Tribune
Publié le 22 octobre 2014
Philippe Frémeaux

Philippe Frémeaux

Editorialiste à Alternatives Economiques, Président de l’Institut Veblen

L’ESS et la transition écologique, deux soeurs amies !

L’économie sociale et solidaire obéit à une rationalité et suit des objectifs qui la rend compatible avec la société post-croissance qu’il nous faut construire aujourd’hui.

Le découplage observé ces dernières années entre l’évolution du PIB et le niveau de satisfaction des besoins individuels et collectifs nous impose de réfléchir non seulement aux conditions d’une relance de l’activité mais au contenu à donner à celle-ci, indépendamment même des contraintes écologiques présentes et à venir.

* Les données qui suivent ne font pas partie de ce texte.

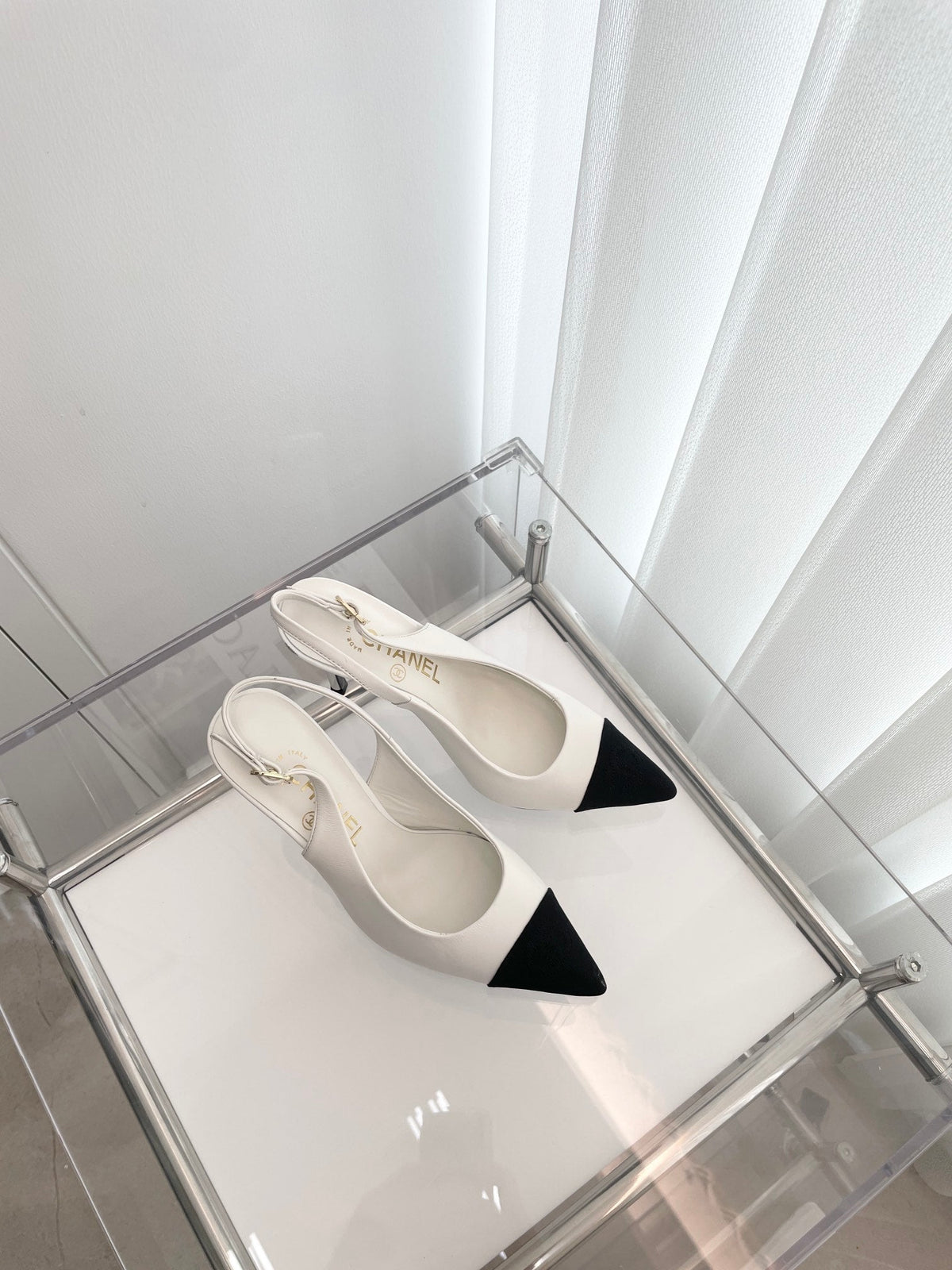 CC Slingback 95mm White Lambskin And Denim Fabric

Sur ce plan, nous pouvons prendre appui sur l’économie sociale et solidaire. Si l’enjeu est de transformer notre modèle économique, afin qu’il réponde aux besoins humains de manière soutenable, en donnant la priorité aux personnes et à l’emploi, en donnant toute sa place aux territoires, en développant des formes de gouvernance associant les parties prenantes, en innovant socialement dans la façon de satisfaire les besoins sociaux, il faut bien convenir que ce projet est d’ores et déjà porté par l’économie sociale et solidaire, ou, pour être plus lucide, par sa composante la plus dynamique, celle qui porte de multiples initiatives qui concourent à réparer les dégâts du modèle actuel tout en engageant sa transformation.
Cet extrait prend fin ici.